But, in 1992, his landmark film "Pure Country" earned him critical praise for his acting. It also provided him with a fresh new soundtrack album, Pure Country, that showed he could stretch the musical boundaries of what people thought his fans would accept, and it worked. His career was rejuvenated and Strait decided he could continue to make music as long as the fans showed up at record stores and live shows to buy it. The King stayed on his throne, still competitive in the market place and still excited whenever he's anointed with another big music award.

"Oh, absolutely. I'm still just as competitive as I ever was in that respect," Strait agrees. "I mean, it's not really like I'm competing with the other artists out there. I don't look at it that way, but I'm really kind of competing with myself. I always want to do better and better and so get that kind of an acknowledgement, when you get an award that you've done well. I still love to win, and I still love to have Number One records. And I always will." 




LOOKING TO THE FUTURE - NOT THE PAST

George Strait has plenty to be proud of and nobody would blame him if he slowed his career down even more at this point. Instead, last year George released his first live album. He became the final live performance in the landmark Houston Astrodome and turned that into his George Strait Live For the Last Time in the Houston Astrodome." 

Once that was done, he went back on the road in 2003 and has now finished his latest CD, HONKYTONKVILLE. With so much accomplished and so much happening, George Strait could easily become egotistical. But, it's not his style and he's the first to acknowledge that he didn't do it alone. 
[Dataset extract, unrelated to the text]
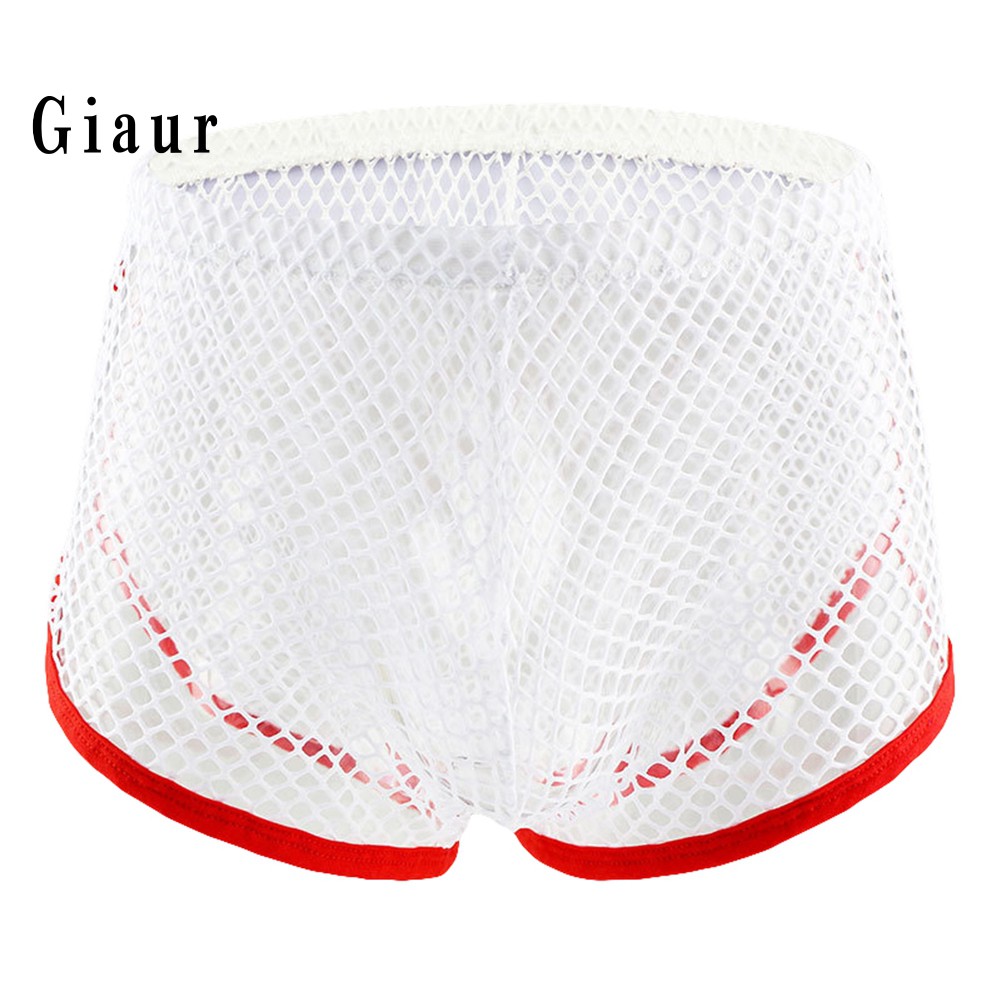 Quần Lót Boxer Lưng Thấp Phối Lưới Thoáng Khí Quyến Rũ Thời Trang Cho Nam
"Well, I've been real fortunate to have had a lot of good people around me," he says humbly. "I've had a good manager for 22 years in Erv Woolsey. I've had a good record company, MCA Records. They've been behind me from the start, and I think you can't do it unless you have the support of a major label like that. I've had a good band that's been with me almost that long. Most of 'em longer, before the recording career. I think I've been real fortunate to find good material over the years. I can't give you an exact idea of how I go about picking songs. I just know a good song when I hear one. At least I know I like it, and fortunately other people have liked it too. But that's about it."

Strait's genuine humbleness is setting the example for the country's new generation of country stars like Brad Paisley. 


"The nice thing about George is that he's another case of what you see is what you get," concludes Brad. "I didn't know him at all before I toured with him and getting to hang out with him a little bit I get to see that he's exactly what I'd hoped he would bewhich is this down to earth guy that really loves his ranch, his pastimes and he loves music and he's got the right priorities. I mean his family is around him out there a lot. His wife is with him, I've met his son, Bubba, and they come and he enjoys it. You can just tell he gets up there and he loves playing. He'd tell me the first couple of nights he gets back up on stage he's got a little bit of nerves hoping that it goes well, then by the end of the tour, he only does about 16 tour dates, so by the end of it he was wishing it was a little bit longer you know wishing he could do more every year. And that's a nice thing to know that after all these years he still feels this way."





LEGENDS START SOMETHING NEW

Finally, George Strait earns his Modern Legend status because he really did start something new and important in country music, so says Tim McGraw.

"George Strait I think kind of ushered in the new era of country music because before Garth and before anybody else, George Strait was the guy that carried the banner for the young country singer kind of guy," McGraw correctly observes. 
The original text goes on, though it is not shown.